Work order -
The answer is to contain only the line containing "6PCS Heart Dial" and the lines after it through the last one, each reproduced exactly as it appears below.

________________________________________

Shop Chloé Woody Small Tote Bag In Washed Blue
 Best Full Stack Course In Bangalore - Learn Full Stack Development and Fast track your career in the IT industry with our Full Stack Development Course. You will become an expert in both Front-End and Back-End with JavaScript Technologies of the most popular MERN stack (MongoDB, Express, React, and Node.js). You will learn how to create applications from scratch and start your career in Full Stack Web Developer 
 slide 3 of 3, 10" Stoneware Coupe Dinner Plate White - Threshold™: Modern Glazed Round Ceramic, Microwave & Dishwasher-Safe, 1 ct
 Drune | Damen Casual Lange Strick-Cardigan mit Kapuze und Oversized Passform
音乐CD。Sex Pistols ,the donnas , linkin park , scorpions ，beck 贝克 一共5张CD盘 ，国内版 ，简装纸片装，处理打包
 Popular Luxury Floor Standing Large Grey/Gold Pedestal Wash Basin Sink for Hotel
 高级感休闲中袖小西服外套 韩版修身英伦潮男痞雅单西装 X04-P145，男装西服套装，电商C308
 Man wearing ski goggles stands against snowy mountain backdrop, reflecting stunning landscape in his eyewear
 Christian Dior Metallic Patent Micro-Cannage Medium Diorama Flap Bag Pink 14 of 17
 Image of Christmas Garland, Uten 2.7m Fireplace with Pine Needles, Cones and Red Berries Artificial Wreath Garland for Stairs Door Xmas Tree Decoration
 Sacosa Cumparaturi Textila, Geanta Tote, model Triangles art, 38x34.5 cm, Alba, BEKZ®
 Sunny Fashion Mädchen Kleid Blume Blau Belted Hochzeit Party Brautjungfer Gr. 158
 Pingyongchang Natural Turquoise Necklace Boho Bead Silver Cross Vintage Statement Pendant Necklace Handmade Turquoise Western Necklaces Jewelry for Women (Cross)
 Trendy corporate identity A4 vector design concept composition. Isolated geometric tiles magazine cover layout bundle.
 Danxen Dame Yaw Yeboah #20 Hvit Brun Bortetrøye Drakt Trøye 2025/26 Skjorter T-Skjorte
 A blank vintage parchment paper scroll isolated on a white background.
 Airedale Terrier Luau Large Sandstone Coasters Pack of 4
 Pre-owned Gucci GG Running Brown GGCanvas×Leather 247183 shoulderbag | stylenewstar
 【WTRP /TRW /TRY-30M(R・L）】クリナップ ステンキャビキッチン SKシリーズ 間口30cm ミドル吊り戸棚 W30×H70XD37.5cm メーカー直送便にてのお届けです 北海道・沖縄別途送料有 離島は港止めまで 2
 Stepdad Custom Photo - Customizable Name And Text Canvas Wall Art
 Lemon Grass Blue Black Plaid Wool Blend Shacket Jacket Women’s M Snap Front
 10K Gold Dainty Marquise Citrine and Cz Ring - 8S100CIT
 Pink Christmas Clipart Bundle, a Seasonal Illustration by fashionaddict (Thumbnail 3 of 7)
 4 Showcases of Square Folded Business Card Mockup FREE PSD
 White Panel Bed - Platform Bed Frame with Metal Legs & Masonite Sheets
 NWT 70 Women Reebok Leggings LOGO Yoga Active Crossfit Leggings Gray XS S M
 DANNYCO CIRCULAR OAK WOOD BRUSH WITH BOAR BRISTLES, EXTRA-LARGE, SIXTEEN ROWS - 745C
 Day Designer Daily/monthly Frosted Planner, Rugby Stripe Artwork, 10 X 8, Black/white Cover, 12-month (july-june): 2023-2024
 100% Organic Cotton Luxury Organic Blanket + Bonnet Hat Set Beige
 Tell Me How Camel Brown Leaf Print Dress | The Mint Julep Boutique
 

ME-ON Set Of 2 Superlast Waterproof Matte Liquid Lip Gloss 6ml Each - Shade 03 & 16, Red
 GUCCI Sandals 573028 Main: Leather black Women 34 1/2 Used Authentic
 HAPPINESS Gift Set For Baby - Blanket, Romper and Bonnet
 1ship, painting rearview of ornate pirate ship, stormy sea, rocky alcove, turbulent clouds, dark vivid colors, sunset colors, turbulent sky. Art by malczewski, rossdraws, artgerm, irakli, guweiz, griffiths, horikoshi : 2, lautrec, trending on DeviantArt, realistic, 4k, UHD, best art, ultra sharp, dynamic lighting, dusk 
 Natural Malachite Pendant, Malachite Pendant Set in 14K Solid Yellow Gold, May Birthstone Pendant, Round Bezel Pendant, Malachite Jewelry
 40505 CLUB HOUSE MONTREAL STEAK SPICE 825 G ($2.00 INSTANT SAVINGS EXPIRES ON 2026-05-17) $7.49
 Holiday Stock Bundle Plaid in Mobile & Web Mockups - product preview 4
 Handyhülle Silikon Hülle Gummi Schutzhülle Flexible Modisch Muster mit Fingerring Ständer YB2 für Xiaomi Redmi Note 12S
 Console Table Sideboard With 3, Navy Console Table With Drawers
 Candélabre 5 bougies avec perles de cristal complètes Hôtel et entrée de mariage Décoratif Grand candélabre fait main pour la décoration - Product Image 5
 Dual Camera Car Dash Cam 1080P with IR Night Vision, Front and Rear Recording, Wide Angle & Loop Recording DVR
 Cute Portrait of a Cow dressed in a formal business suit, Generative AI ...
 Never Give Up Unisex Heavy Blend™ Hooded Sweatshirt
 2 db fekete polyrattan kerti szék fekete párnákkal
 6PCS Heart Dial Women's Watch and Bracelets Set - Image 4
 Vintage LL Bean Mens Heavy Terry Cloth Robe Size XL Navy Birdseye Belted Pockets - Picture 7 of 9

________________________________________

Result of the task -
 6PCS Heart Dial Women's Watch and Bracelets Set - Image 4
 Vintage LL Bean Mens Heavy Terry Cloth Robe Size XL Navy Birdseye Belted Pockets - Picture 7 of 9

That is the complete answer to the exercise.